──────── Data for the task ────────
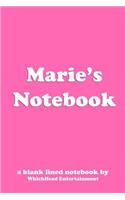 Marie's Notebook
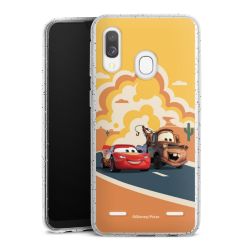 Carry Case Hülle Transparent/glitter ohne Band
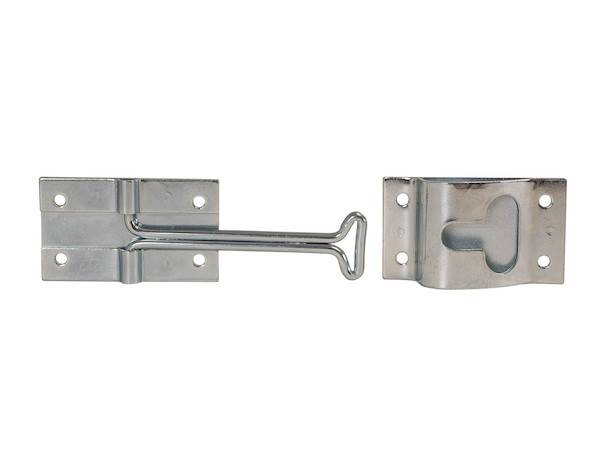 Buyers Product Company - BUYERS PRODUCT COMPANY 6 Inch Hook & Keeper Door Holder - Zinc Plated (DH5006)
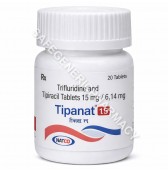 Tipanat 15 Tablet (Trifluridine 15mg / Tipiracil 6.14mg) 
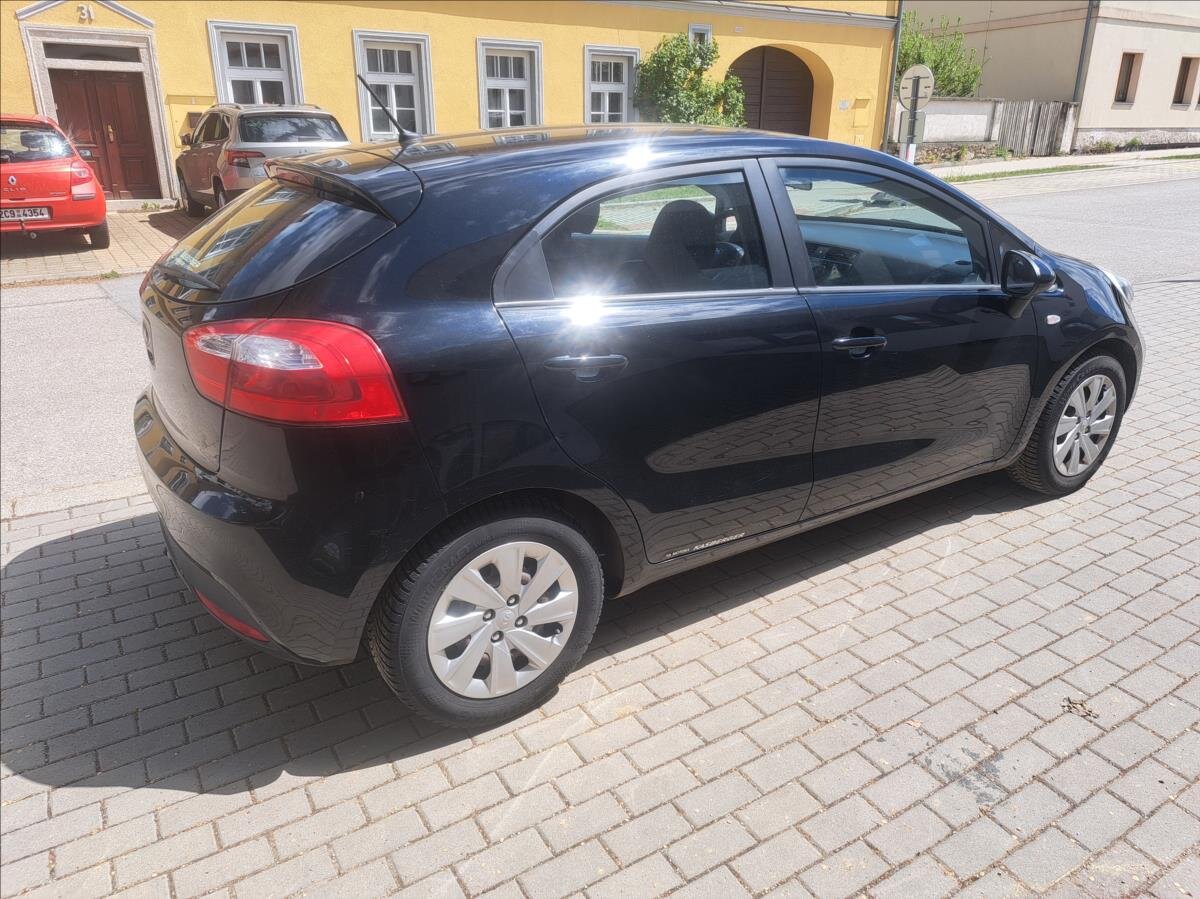 KIA Rio Hatchback 1,2 l 62 kw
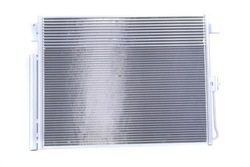 Радіаторів кондиціонера + осушувач jeep grand фото №1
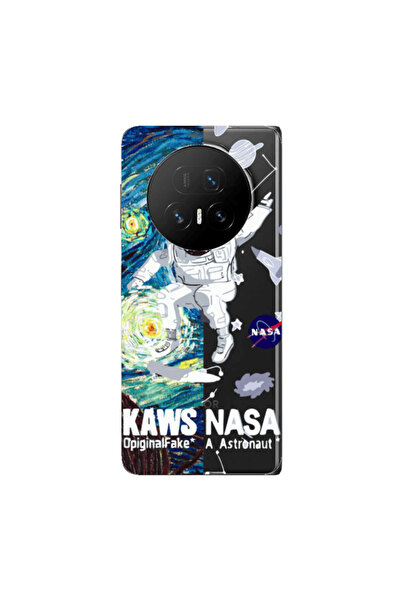Other Honor Magic V5 Kaws Transparent Silicone TPU Θήκη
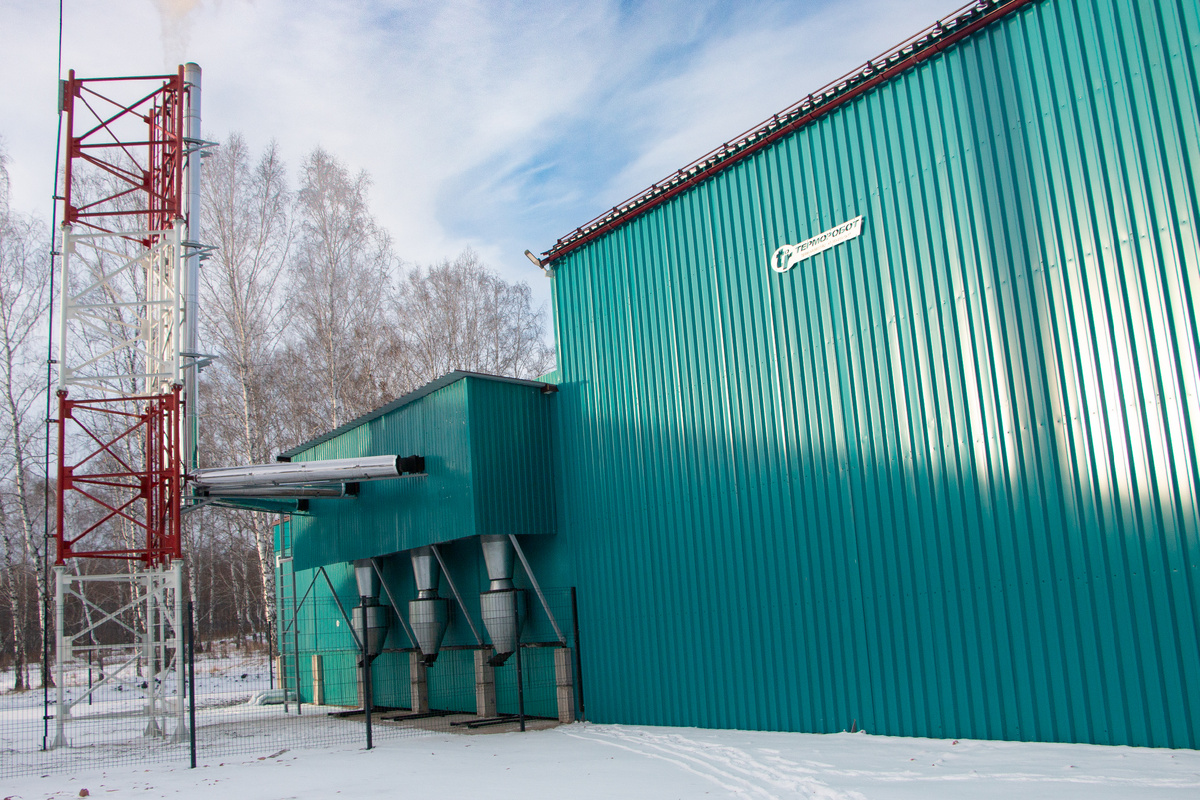 Вот так выглядит одна из самых современных котельных Абанского округа.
────────
Your copy should hold exactly the lines from the line bearing "Carry Case Hülle" through the end of the data, both included, and no pictures or anything further.

 Carry Case Hülle Transparent/glitter ohne Band
 Buyers Product Company - BUYERS PRODUCT COMPANY 6 Inch Hook & Keeper Door Holder - Zinc Plated (DH5006)
 Tipanat 15 Tablet (Trifluridine 15mg / Tipiracil 6.14mg) 
 KIA Rio Hatchback 1,2 l 62 kw
 Радіаторів кондиціонера + осушувач jeep grand фото №1
Other Honor Magic V5 Kaws Transparent Silicone TPU Θήκη
 Вот так выглядит одна из самых современных котельных Абанского округа.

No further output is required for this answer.